> [EXTRACTED RECORDS]
<<<<

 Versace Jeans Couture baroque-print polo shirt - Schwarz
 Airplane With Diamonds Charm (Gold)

>>>>
<<<<

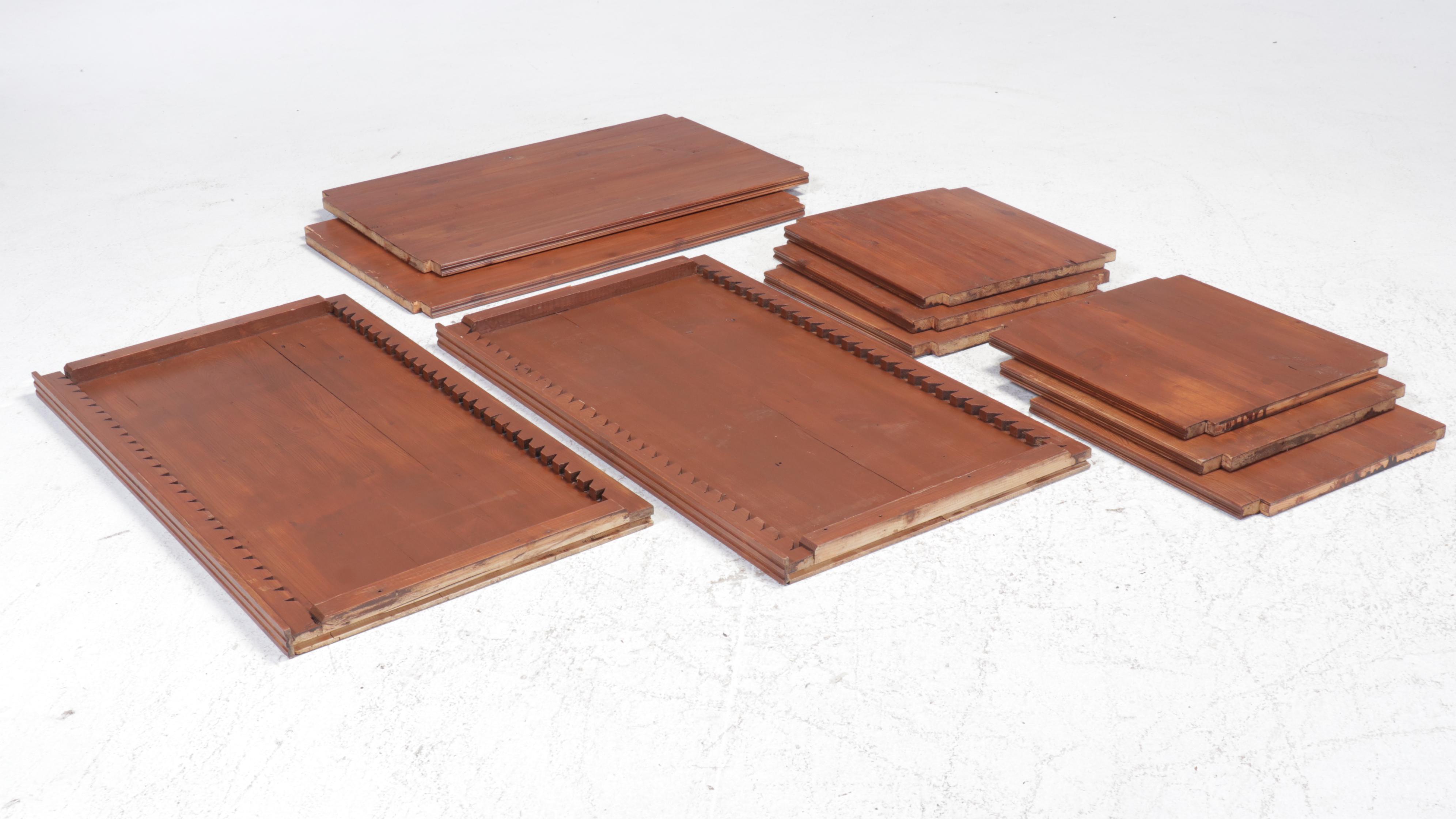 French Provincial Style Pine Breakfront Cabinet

>>>>

> [TASK TO COMPLETE] Copy the lines of the data above exactly as written, beginning with the line containing "Versace Jeans Couture" and ending with the line containing "Airplane With Diamonds Charm (Gold)", and leave out all other lines.

> [RESPONSE BELOW]
 Versace Jeans Couture baroque-print polo shirt - Schwarz
 Airplane With Diamonds Charm (Gold)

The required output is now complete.